TASK BRIEF: Please quote only the lines that start at the one with "Nail Electric Drill" and go on to the last line of the data, both ends kept.

Scraped caption text data

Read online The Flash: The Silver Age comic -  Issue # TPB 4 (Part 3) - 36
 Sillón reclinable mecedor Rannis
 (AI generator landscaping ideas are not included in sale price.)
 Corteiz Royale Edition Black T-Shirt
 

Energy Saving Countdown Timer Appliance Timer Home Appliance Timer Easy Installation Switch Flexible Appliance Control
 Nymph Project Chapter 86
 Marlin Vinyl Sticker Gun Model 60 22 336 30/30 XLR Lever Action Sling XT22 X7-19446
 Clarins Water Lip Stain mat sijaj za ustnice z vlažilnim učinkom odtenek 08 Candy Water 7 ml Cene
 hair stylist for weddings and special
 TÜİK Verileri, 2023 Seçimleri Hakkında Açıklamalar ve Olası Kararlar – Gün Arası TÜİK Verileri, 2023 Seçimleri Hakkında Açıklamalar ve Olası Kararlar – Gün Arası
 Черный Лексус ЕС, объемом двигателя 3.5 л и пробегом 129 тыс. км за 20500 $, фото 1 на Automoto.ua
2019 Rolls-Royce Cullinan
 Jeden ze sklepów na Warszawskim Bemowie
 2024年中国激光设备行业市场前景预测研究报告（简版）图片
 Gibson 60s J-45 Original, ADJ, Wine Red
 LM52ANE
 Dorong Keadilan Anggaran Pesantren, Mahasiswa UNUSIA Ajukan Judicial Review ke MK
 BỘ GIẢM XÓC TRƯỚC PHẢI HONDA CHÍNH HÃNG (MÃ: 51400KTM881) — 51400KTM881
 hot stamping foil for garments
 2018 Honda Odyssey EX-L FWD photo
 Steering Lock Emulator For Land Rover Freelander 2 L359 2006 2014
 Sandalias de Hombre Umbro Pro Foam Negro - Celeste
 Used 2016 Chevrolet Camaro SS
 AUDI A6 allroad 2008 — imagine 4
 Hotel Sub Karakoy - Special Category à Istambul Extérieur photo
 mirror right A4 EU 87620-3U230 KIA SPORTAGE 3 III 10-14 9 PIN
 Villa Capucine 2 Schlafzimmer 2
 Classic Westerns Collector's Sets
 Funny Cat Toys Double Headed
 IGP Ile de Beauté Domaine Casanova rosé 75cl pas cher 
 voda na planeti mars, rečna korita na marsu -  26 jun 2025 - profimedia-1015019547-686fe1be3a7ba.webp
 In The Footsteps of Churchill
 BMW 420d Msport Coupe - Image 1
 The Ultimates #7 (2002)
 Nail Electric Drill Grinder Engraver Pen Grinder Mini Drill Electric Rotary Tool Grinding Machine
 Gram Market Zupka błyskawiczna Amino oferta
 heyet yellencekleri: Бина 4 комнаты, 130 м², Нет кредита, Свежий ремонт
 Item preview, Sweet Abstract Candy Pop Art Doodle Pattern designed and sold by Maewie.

ANSWER TO THIS PROBLEM:
 Nail Electric Drill Grinder Engraver Pen Grinder Mini Drill Electric Rotary Tool Grinding Machine
 Gram Market Zupka błyskawiczna Amino oferta
 heyet yellencekleri: Бина 4 комнаты, 130 м², Нет кредита, Свежий ремонт
 Item preview, Sweet Abstract Candy Pop Art Doodle Pattern designed and sold by Maewie.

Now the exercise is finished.